(INPUT DATA)

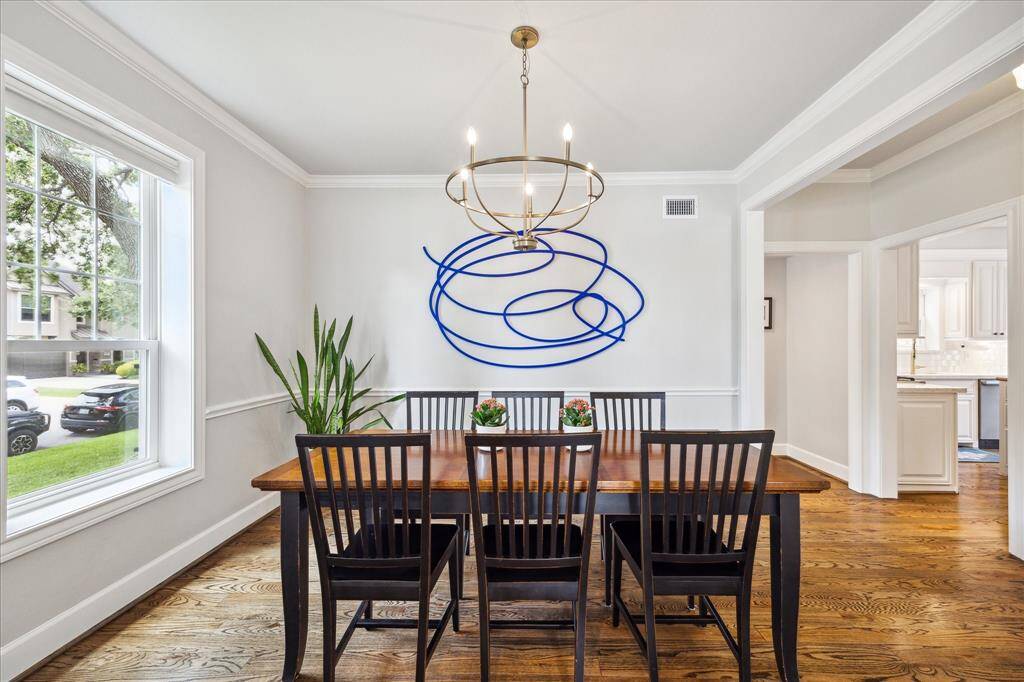 The formal dining room offers a sophisticated setting for entertaining, featuring rich hardwood floors, elegant millwork, and contemporary art that adds a bold, modern touch.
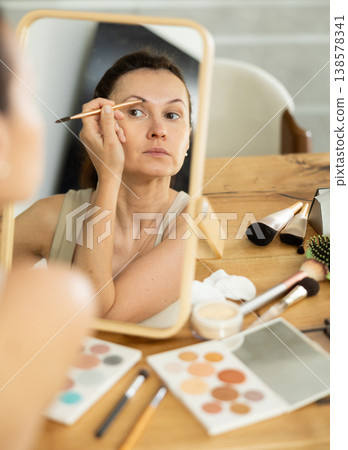 Middle-aged woman doing eyebrow make-up looking in the mirror 138578341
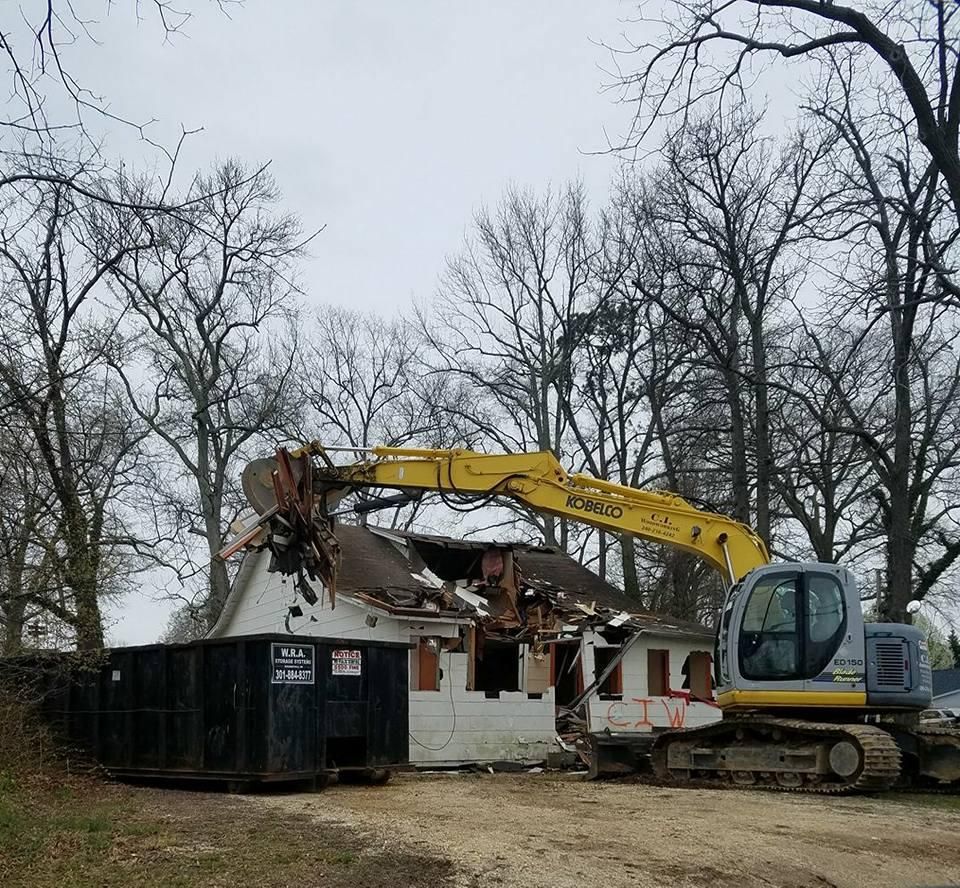 A house is being demolished by a yellow excavator.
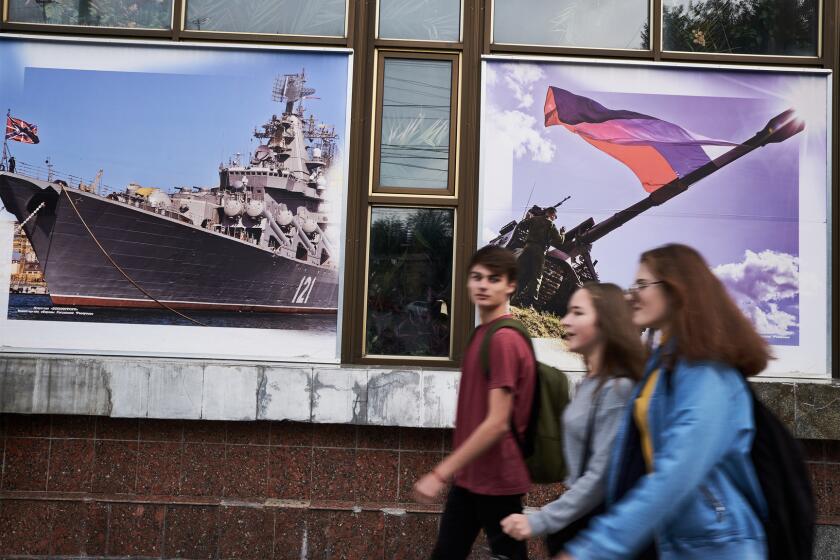 Students are seen passsing the Officer's club in Sevastopol. Oct. 30th, 2018.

(End INPUT DATA)

● **PROBLEM STATEMENT**
Transcribe the listing verbatim, pictures excluded.

● **EXPECTED ANSWER**
 The formal dining room offers a sophisticated setting for entertaining, featuring rich hardwood floors, elegant millwork, and contemporary art that adds a bold, modern touch.
 Middle-aged woman doing eyebrow make-up looking in the mirror 138578341
 A house is being demolished by a yellow excavator.
 Students are seen passsing the Officer's club in Sevastopol. Oct. 30th, 2018.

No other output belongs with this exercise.